你走後。我夜夜真是睡得太熟了,夜裏絕不醒來,而且未曾夢見過你一次,豈單是沒有夢見你,簡直什麼夢都沒有了。看看鐘,已經快十點了,就擦一擦眼睛,躺在牀上,立刻睡着,死屍一樣地睡了九個鐘頭,這是我每夜的情形。你才走後,我偶然還涉遐思,但是渺茫地憶念一會兒,我立刻喝住自己,叫自己不要胡用心力,因爲“想你”是罪過,可說是對你犯一種罪。不該想而想,想我所不配想的人,這樣行爲在中古時代叫做“瀆神”,在有皇冕的國家叫做“大不敬”。從前讀Bury(伯裏)的《思想自由史》,對於他開章那幾句話已經很有些懷疑,他說思想總是自由的,所以我們普通所謂思想自由實在是指言論自由。其實思想何曾自由呢!天下個人都有許多念頭是自己不許自己去想的,我的不敢想你也是如此。然而,“不想你”也是罪過,對於自己的罪過。叫我自己不想你,去拿別的東西來敷衍自己的方寸,那真是等於命令自己將心兒從身裏抓出,擲到垃圾堆中。所以爲着面面俱圓起見,我只好什麼也不想,讓世上事物的浮光掠影隨便出入我的靈臺,我的心就這麼毫不自動地淒冷地呆着。失掉了生活力的心怎能夠弄出幻夢呢,因此我夜夜都嚐了死的意味,過個未壽終先入土的生活,那是愛倫·波所喜歡的題材,哪個有人說死在街頭的愛倫·波呀!那個臉容是悲劇的結晶的愛倫·波呀!

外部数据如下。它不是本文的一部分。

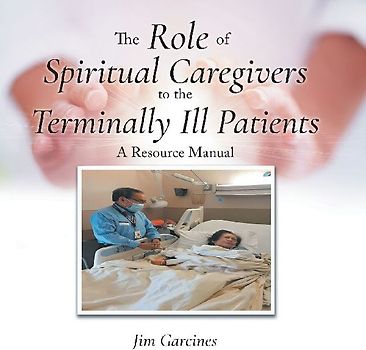 The Role of Spiritual Caregivers to the Terminally Ill Patients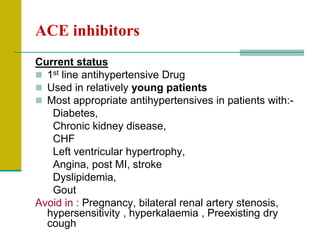 ACE inhibitors
Current status
 1st line antihypertensive Drug
 Used in relatively young patients
 Most appropriate antihypertensives in patients with:-
Diabetes,
Chronic kidney disease,
CHF
Left ventricular hypertrophy,
Angina, post MI, stroke
Dyslipidemia,
Gout
Avoid in : Pregnancy, bilateral renal artery stenosis,
hypersensitivity , hyperkalaemia , Preexisting dry
cough
 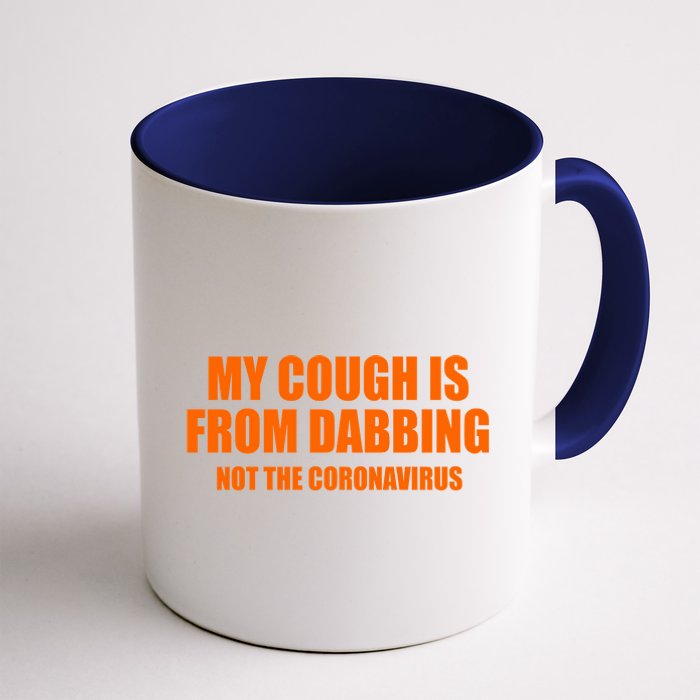 My Cough Is From Dabbing Not The Coronavirus Coffee Mug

  可是,我心裏卻也不是空無一物,裏面有一座小墳。“小影心頭葬”,你的影子已深埋在我心裏的隱處了。上面當然也蓋一座石墳,兩旁的石頭照例刻上“春秋多佳日,山水有清音”,這副對聯,墳上免不了栽幾棵松柏。這是我現在的“心境”,的的確確的心境,並不是境由心造的。負上莫名其妙的重擔,拖個微弱的身軀,蹣跚地在這沙漠上走着,這是世人共同的狀態;但是心裏還有一座石墳鎮壓得血脈不流,這可是我的專利。天天過墳墓中人的生活,心裏卻又有一座墳墓,正如廣東人雕的象牙球,球裏有球,多麼玲瓏呀!吾友沉海說過:“訴自己的悲哀,求人們給以同情,是等於叫花子露出胸前的創傷,請過路人施捨。”旨哉斯言!但是我對於我心裏這個新冢頗有沾沾自喜的意思,認爲這是我生命換來的藝術品,所以像Coleridge詩裏的古舟子那樣牽着過路人,硬對他們說自己悽苦的心曲,甚至於不管他們是赴結婚喜宴的客人。

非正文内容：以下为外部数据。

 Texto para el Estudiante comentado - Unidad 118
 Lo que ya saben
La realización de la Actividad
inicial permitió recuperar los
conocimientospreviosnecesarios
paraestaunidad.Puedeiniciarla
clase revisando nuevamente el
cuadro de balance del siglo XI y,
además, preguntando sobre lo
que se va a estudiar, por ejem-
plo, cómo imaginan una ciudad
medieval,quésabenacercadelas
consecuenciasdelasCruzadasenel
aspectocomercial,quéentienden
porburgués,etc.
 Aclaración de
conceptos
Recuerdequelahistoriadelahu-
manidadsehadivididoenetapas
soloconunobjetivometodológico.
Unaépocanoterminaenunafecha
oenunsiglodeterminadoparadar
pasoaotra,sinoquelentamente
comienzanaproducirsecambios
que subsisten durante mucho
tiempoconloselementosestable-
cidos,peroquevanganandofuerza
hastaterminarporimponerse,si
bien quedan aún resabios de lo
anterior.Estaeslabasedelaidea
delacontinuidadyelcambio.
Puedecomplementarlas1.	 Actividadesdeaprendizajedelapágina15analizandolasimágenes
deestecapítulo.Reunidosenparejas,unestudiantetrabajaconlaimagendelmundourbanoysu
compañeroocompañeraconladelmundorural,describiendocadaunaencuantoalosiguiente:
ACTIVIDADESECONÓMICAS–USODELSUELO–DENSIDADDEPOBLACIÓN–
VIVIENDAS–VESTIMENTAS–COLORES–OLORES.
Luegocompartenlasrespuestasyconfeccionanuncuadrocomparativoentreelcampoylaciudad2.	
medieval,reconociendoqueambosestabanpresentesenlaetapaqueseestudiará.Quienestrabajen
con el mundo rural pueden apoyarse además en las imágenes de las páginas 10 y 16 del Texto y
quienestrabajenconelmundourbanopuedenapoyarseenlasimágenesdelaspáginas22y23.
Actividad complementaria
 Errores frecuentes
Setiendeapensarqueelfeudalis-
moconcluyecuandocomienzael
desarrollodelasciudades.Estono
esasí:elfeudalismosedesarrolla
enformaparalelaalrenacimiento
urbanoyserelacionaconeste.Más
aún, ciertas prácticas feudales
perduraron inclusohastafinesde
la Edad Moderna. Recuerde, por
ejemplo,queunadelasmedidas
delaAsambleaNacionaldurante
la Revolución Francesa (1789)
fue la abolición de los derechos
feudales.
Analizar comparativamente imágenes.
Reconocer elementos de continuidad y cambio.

  石墳上松柏的陰森影子遮住我一切年少的心情,“春秋多佳日,山水有清音”。這二句詩冷嘲地守在那兒。十年前第一次到鄉下掃墓,見到這兩句對於死人嘲侃的話,我模糊地感到後死者對於泉下同胞的殘酷。自然是這麼可愛,人生是這麼好玩,良辰美景,紅袖青衫,枕石漱流,逍遙山水,這那裏是安慰那不能動彈的骷髏的話,簡直是無緣無故的侮辱。現在我這座小墳上撒但刻了這十個字,那是十朵有尖刺的薔薇,這般嬌豔,這般刻毒地刺人。所以我覺得這一座墳是很美的,因爲天下美的東西都是使人們看着心酸的。

  我沒有那種欣歡的情緒,去“長歌當哭”,更不會輕盈地捧着含些朝露的花兒,自覺憂愁得很動人憐愛地由人羣走向墳前,我也用不着拿扇子去扇幹那溼土,當然也不是一個背個鐵鋤,想去偷墳的解剖學教授,我只是一個默默無言的守墳蒼頭而已。